▶ [WHAT YOU HAVE TO DO] Transcribe, word for word, every line from the one containing "Cuissardes à talons" through the final line of the records, and omit the pictures.

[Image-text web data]
━━━━━━━━━━━━━━━━━━━━

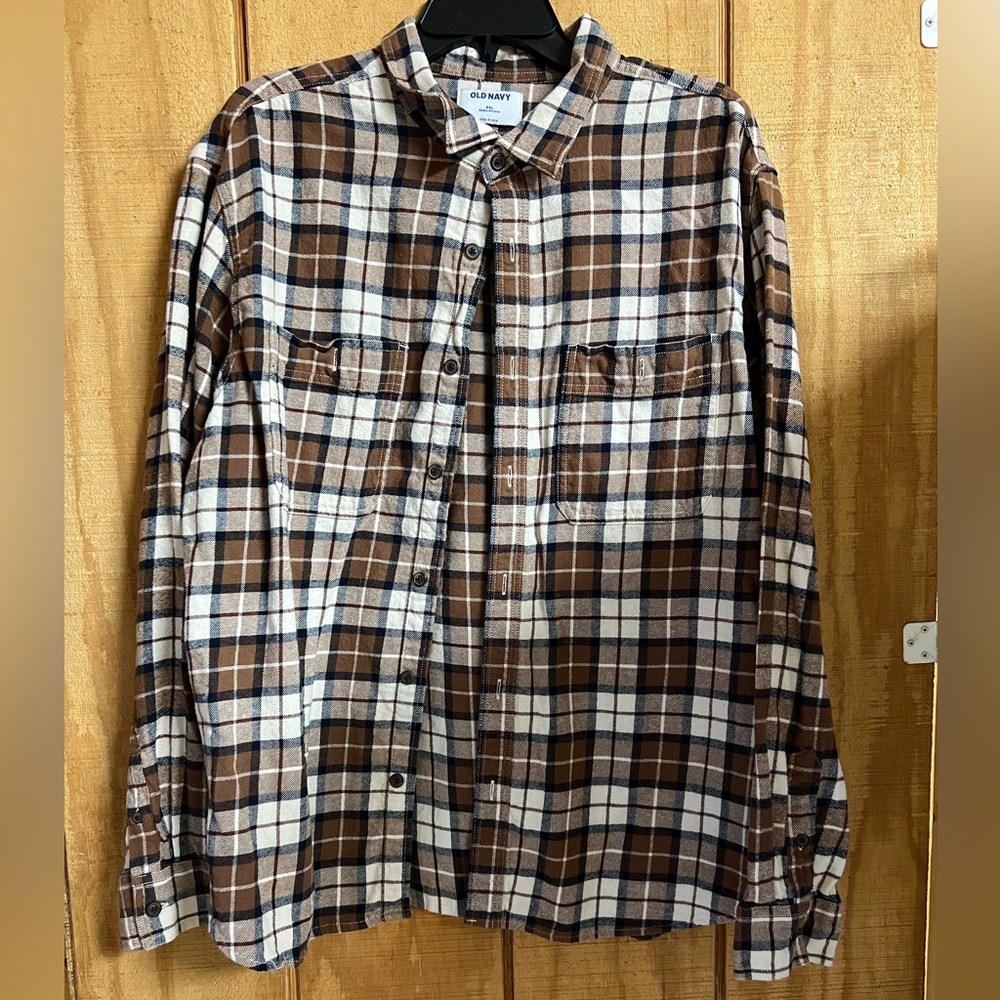 Old Navy Men's Brown Plaid Flannel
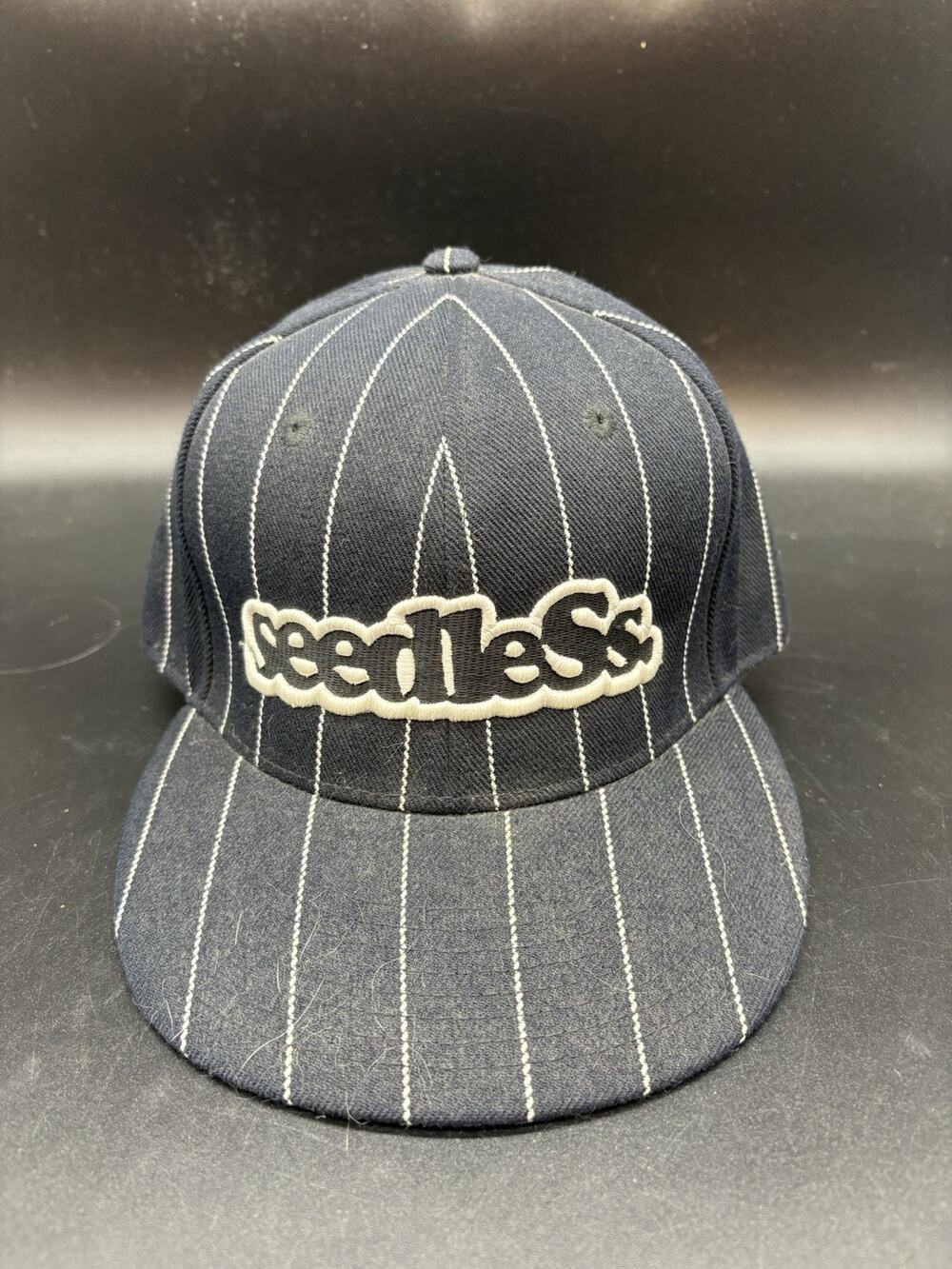 Seedless Y2K Black Pinstripe Fitted Baseball Cap Size 7 1/2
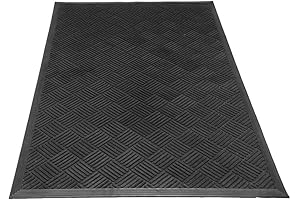 Rubber-Cal &quot;Dura-Scraper Checkered&quot; Commercial Entrance Mat - 3/8 in x 3 ft...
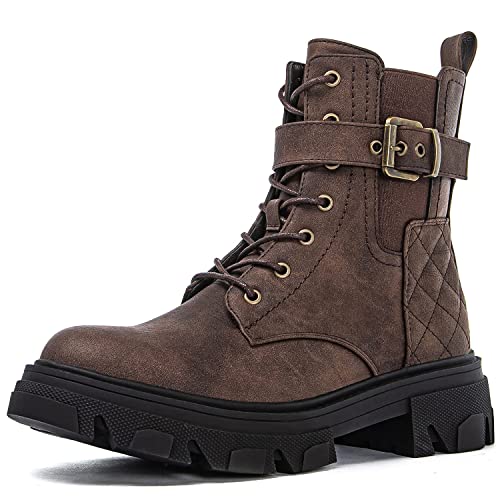 GLOBALWIN Women's Combat Boots Lace Up Brown Boots For Women Ankle Booties Comfortable Lug Sole Chunky Low Heel Size 9.5M - image 1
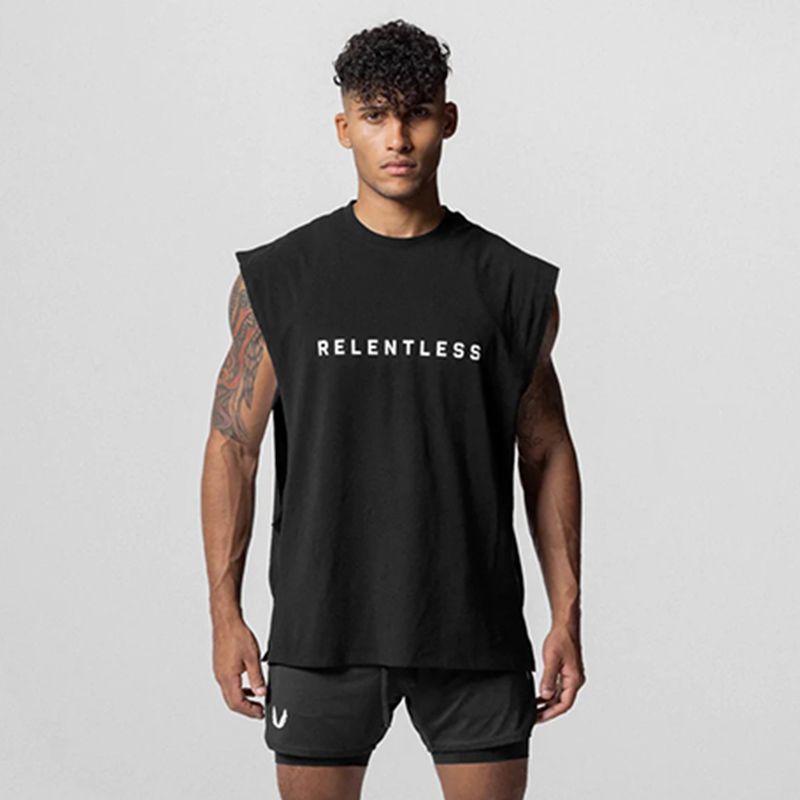 Summer Quick-Dry Sports Vest For Men, American-Style Loose Round-Neck Sleeveless T-Shirt, Outdoor Running Training_desvips.com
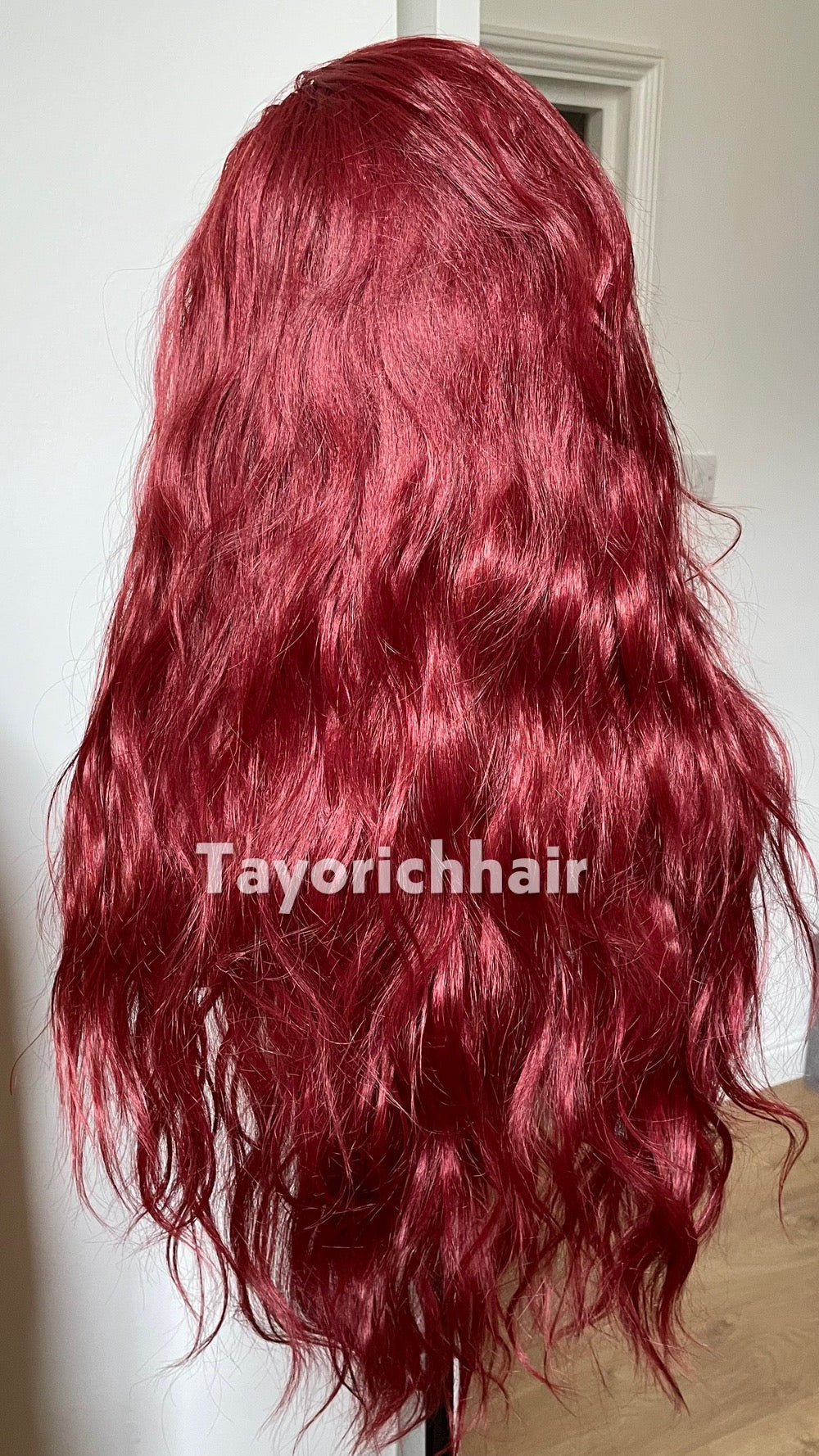 Deep Red Ponytail Wig: Heat-Friendly Synthetic Hair, 22-Inch Layered Waves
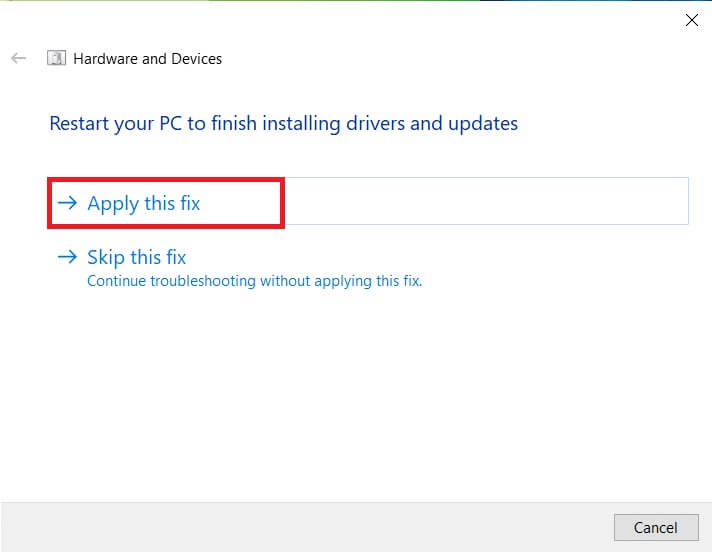 Apply-this-fix-Hardware-and-Devices-troubleshooter إصلاح عدم عمل صوت Zoom في Windows 10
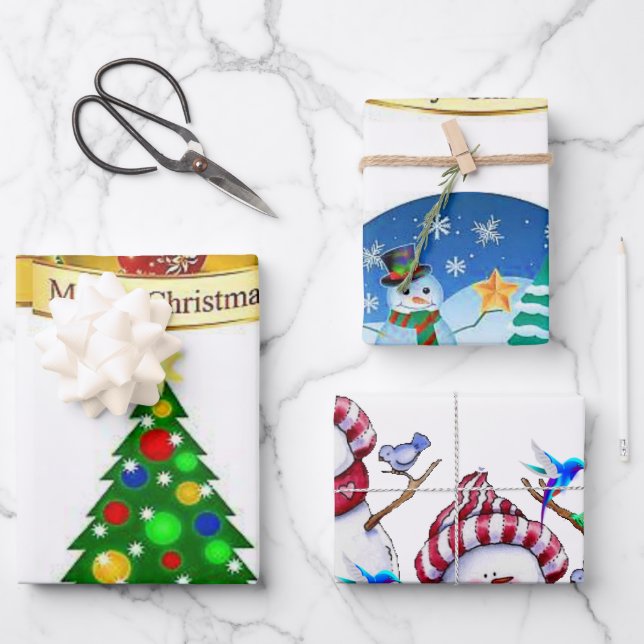 Feuille De Papier Cadeau Snowman Merry Christmas (Recto)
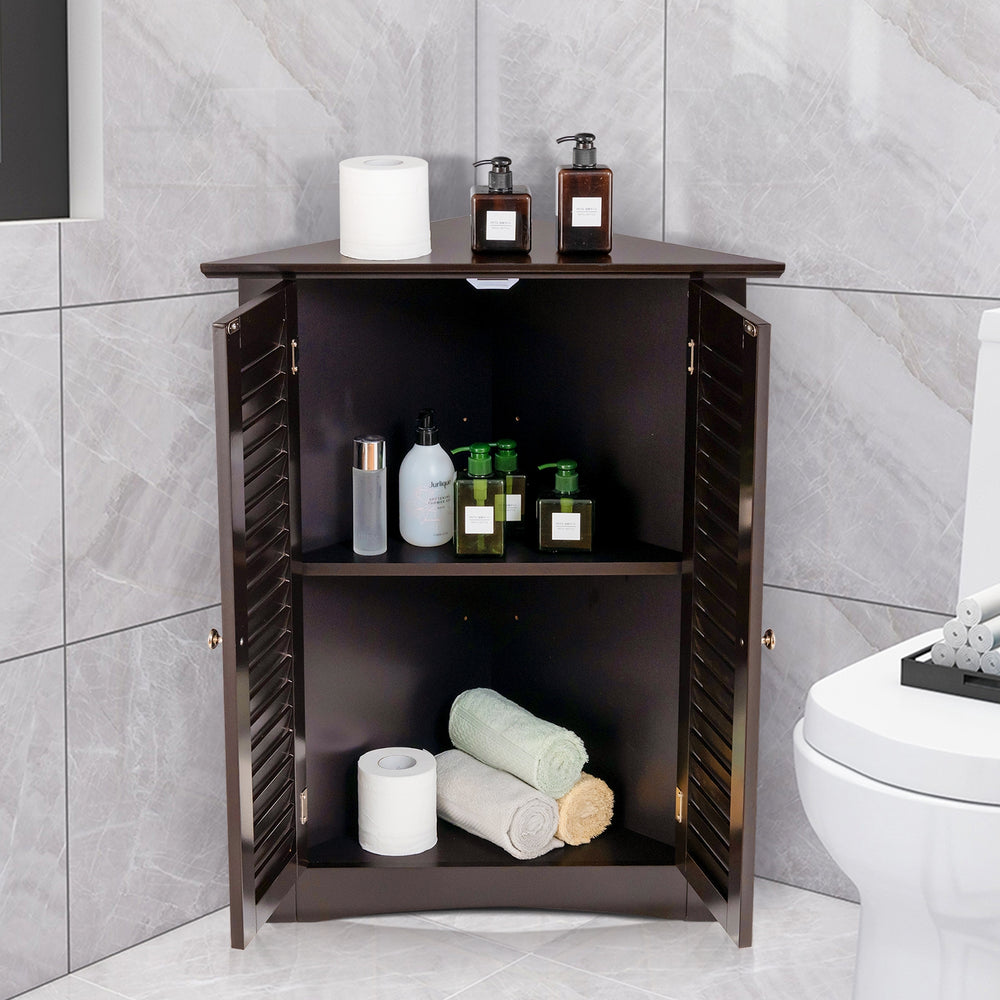Brown bathroom corner storage cabinet with shutter doors, adjustable shelves, and spacious storage for various items.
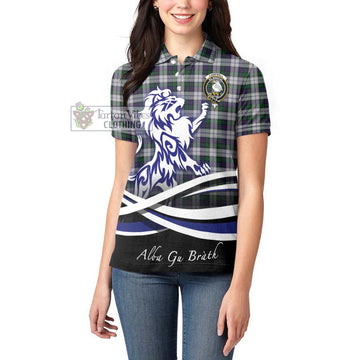 Campbell of Cawdor Dress Tartan Women's Polo Shirt with Alba Gu Brath Regal Lion Emblem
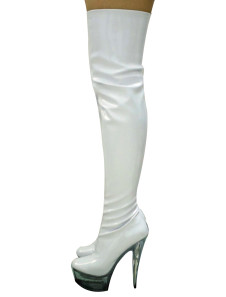 Cuissardes à talons aigus en cuir laqué élastique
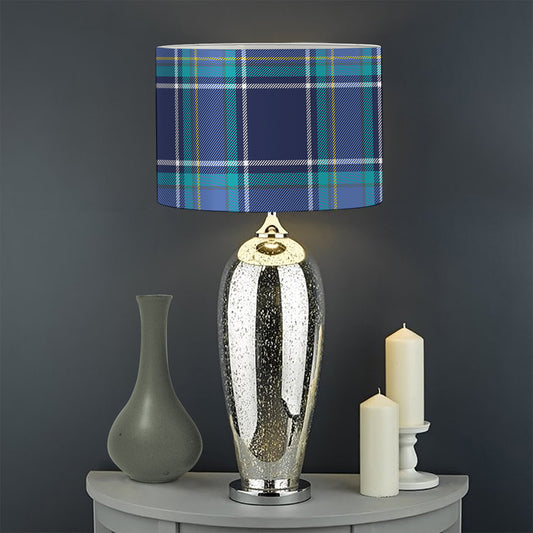 Blue And Teal Tartan Pattern Print Drum Lamp Shade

━━━━━━━━━━━━━━━━━━━━

▶ [SOLUTION FOR THIS PROBLEM]
 Cuissardes à talons aigus en cuir laqué élastique
 Blue And Teal Tartan Pattern Print Drum Lamp Shade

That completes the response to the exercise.